The Agentic Correction System now includes intelligent response caching to avoid redundant LLM API calls. This is especially useful when iterating on frontend changes or testing the same song multiple times.
When the LangChainBridge makes an LLM call:
- Before calling LLM: Check if response for this prompt+model is cached
- If cached: Return cached response instantly (no LLM call!)
- If not cached: Make LLM call, then cache the response
- Save to disk: Cache persists across runs
Responses are cached by SHA256 hash of:
hash(model_identifier + "::" + full_prompt_text)
This means:
- ✅ Same song, same prompts → Cache HIT (instant)
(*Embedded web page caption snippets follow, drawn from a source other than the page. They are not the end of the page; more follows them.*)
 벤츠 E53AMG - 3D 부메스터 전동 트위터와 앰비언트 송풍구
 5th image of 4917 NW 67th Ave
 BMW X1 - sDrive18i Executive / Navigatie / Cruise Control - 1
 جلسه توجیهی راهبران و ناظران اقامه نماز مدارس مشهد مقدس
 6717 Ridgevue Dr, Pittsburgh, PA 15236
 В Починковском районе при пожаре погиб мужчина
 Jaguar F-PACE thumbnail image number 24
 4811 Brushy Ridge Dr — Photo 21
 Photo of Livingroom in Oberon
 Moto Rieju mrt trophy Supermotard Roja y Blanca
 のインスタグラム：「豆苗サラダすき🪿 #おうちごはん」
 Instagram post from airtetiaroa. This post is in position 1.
- ✅ Same song, changed prompts → Cache MISS (fresh call)
- ✅ Different song → Cache MISS (fresh call)
- ✅ Different model → Cache MISS (fresh call)
File: <cache_dir>/llm_response_cache.json
By default, this is:
~/lyrics-transcriber-cache/llm_response_cache.json(same directory as other cache files)- Can be customized via
LYRICS_TRANSCRIBER_CACHE_DIRenvironment variable
Format:
{
"abc123def456...": {
"prompt": "You are an expert at analyzing...",
"response": "{\"gap_id\": \"gap_1\", \"category\": \"SOUND_ALIKE\", ...}",
"timestamp": "2025-10-27T12:00:00",
"model": "ollama/gpt-oss:latest",
"metadata": {
"session_id": "lyrics-correction-xyz"
}
}
}Default: Enabled
# Caching is enabled by default (recommended for development)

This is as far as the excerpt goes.